Tips for troubleshooting Ingester pod memory imbalance when running Loki in distributed mode in Kubernetes

I’m experiencing issues with one replica of my Loki Ingester replica set using way more memory than the other replicas. The imbalance in memory usage per-pod can be viewed in the attached screenshot.

I am running Loki in distributed mode in an EKS Kubernetes cluster, with a dynamically scaling number of Distributor pods and a fixed number of Ingester pods. I am using the default memberlist key-value store type. I suspect that one (or several) of my streams are producing orders of magnitude more data, and those streams are mapped to the problematic replica (loki-ingester-21 in this case). The problematic replica has an average number of streams associated with it (700, where most of the other replicas fall in the 500-1000 range), but the number of chunks in memory and total bytes stored in chunks are way higher for the problematic replica compared to the others.

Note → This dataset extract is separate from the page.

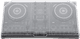 Decksaver Pioneer DDJ-200 Cover oberseite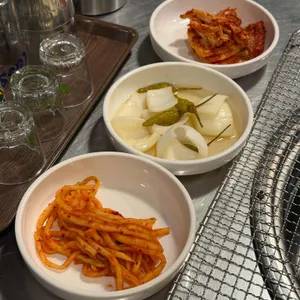 한도니 사진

What are some ways I can troubleshoot memory/chunk imbalance issues?
Is it possible to view which label-sets are going to which pods so that we can determine if one type of log has a much higher volume than other types?
Is there a way I can rebalance the pods so that these chunks can be shared amongst all the other pods? If so, how?

I am facing a similar issue. Have you made any progress on this?

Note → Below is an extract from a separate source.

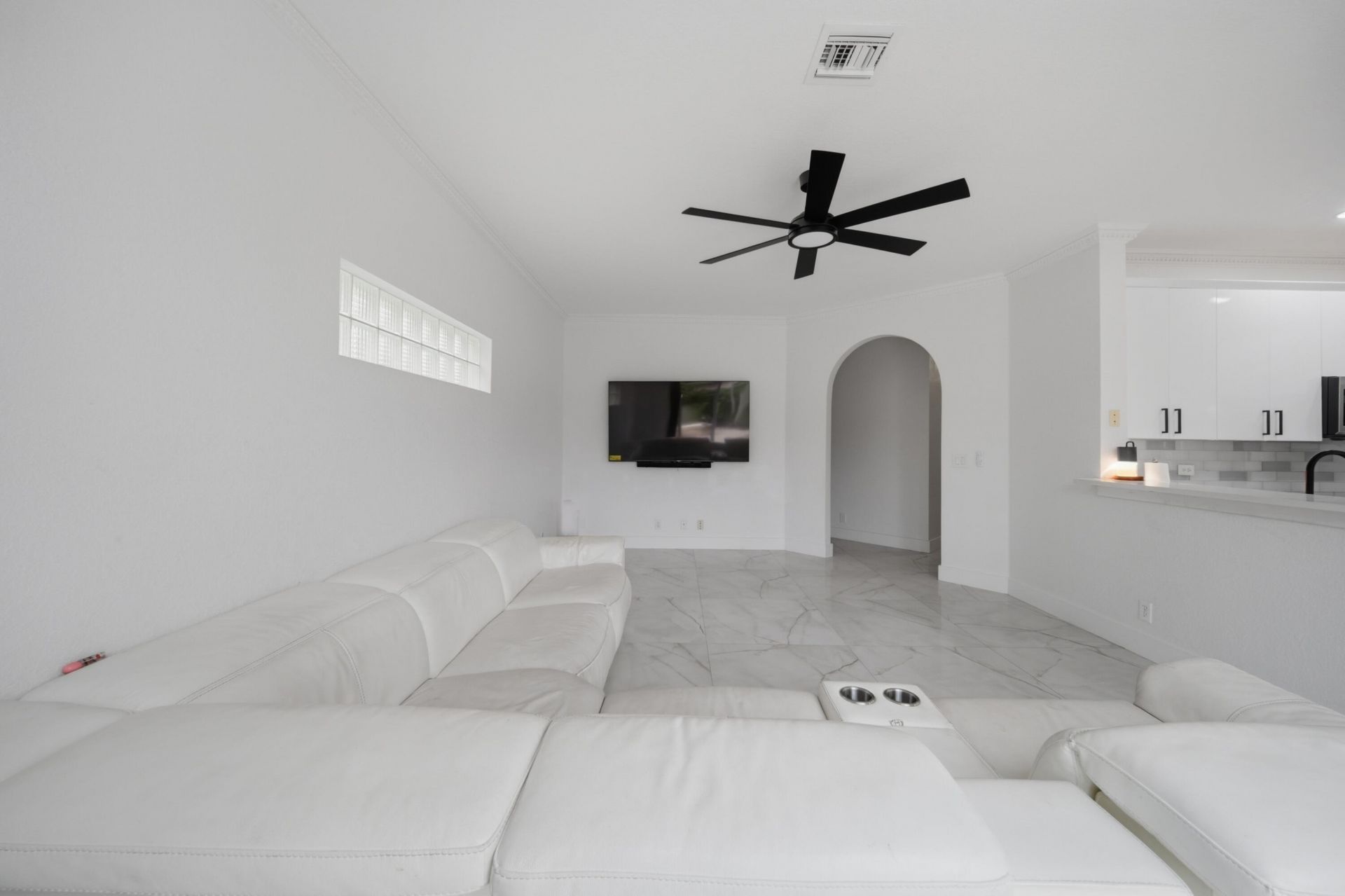 4752 NW 120th Way, Coral Springs, FL 33076 Photo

I did run into this once as well. From my understanding is that the writers, once the ring membership is formed, will try to send the log streams with same labels to the same writer to reduce the number of chunks written, and I do not know if there is re-balancing logic in this (need to read through the code eventually). Perhaps someone can comment on this.

With that in mind, I killed that one container manually and the new one that replaced it seemed to be more in-line with everything else in terms of resource consumption.

This topic was automatically closed 365 days after the last reply. New replies are no longer allowed.